Paul Ruizendaal pnr at planet.nl
Thu Mar 9 01:06:35 AEST 2023


> On 8 Mar 2023, at 15:23, Dan Cross <crossd at gmail.com> wrote:
> 
> On Wed, Mar 8, 2023 at 7:53 AM Paul Ruizendaal <pnr at planet.nl> wrote:
>> This also has a relation to the point about what constitutes a "workstation" and one of the comments was that it needs to have "integrated graphics". What is integrated in this historical context -- is it a shared memory frame buffer, is it a shared CPU, is it physically in the same box or just an integrated user experience? It seems to me that it is not easy to delineate. Consider a Vax connected to a Tek raster scan display, a Vax connected to a Blit, Clem’s Magnolia and a networked Sun-1. Which ones are workstations?
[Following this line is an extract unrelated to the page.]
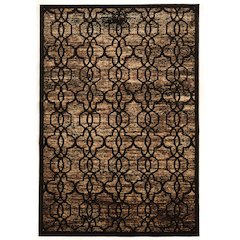 Platinum IronGate Brown & Beige 8x11, Rug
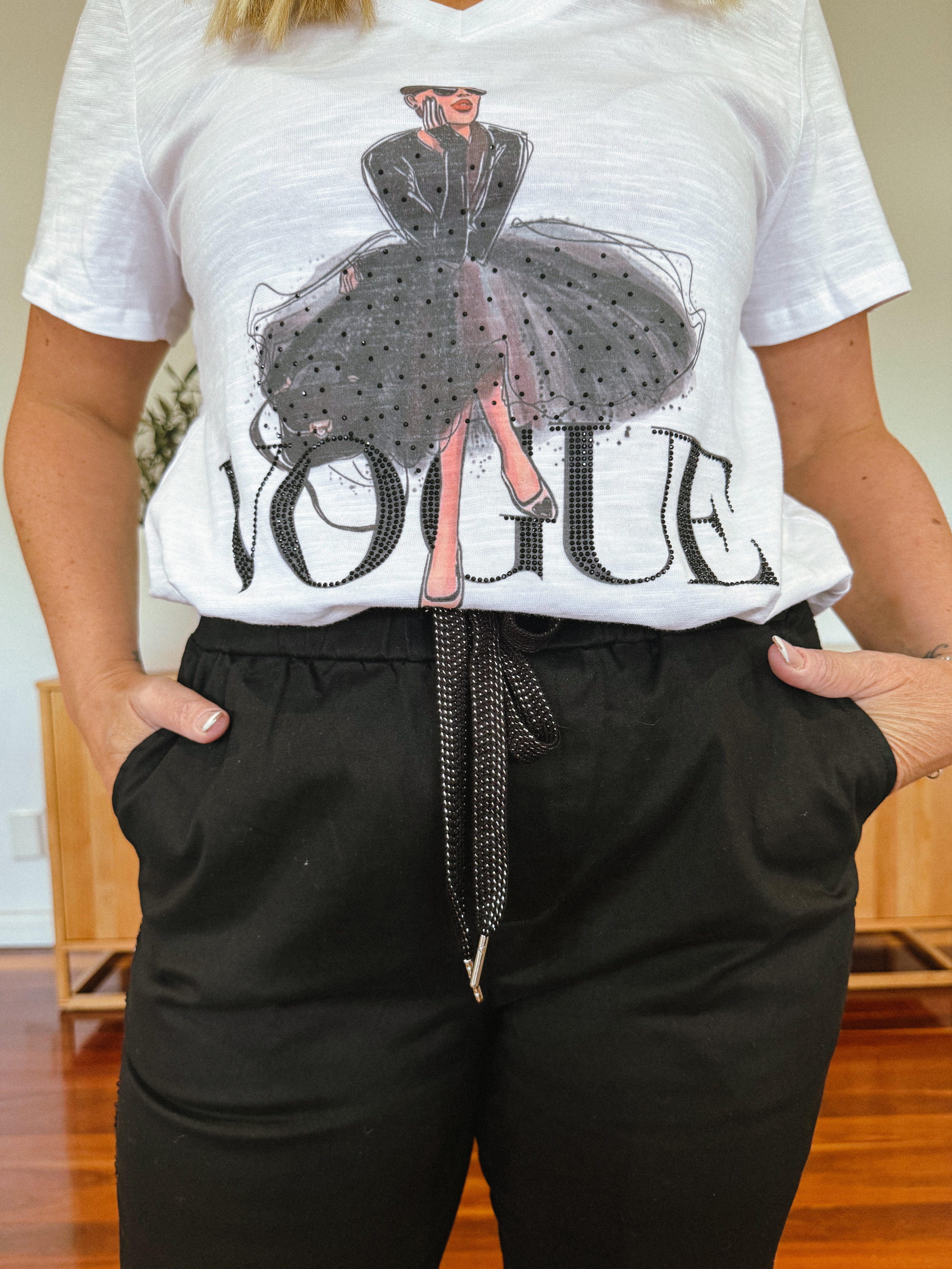 SEQUIN  TRIM JOGGERS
If shared memory is the key only Clem’s Magnolia and the Sun-1 qualify. If it is a shared CPU only a standalone Sun-1 qualifies, but its CPU would be heavily taxed when doing graphics, so standalone graphics was maybe not a normal use case. For now my rule of thumb is that it means (in a 1980’s-1990’s context) a high-bandwidth path between the compute side and display side, with enough total combined power to drive both the workload and the display.
> 
> I wouldn't try to be too rigid in your terms here. The term
> "workstation" was probably never well-defined; it had more of an
> intuitive connotation of a machine that was more powerful than
> something you could get on the consumer market (like a PC or 8-bit
> microcomputer), but wasn't a minicomputer or mainframe/supercomputer.

Yes, I got a bit carried away there. The point I was trying to make was in context of the wheel of reincarnation, though: if the system is a Vax and a Blit, we could conceptually think of the Blit as an accelerated graphics card for the Vax, having made one full revolution. If this is nonsense, why is the Magnolia different?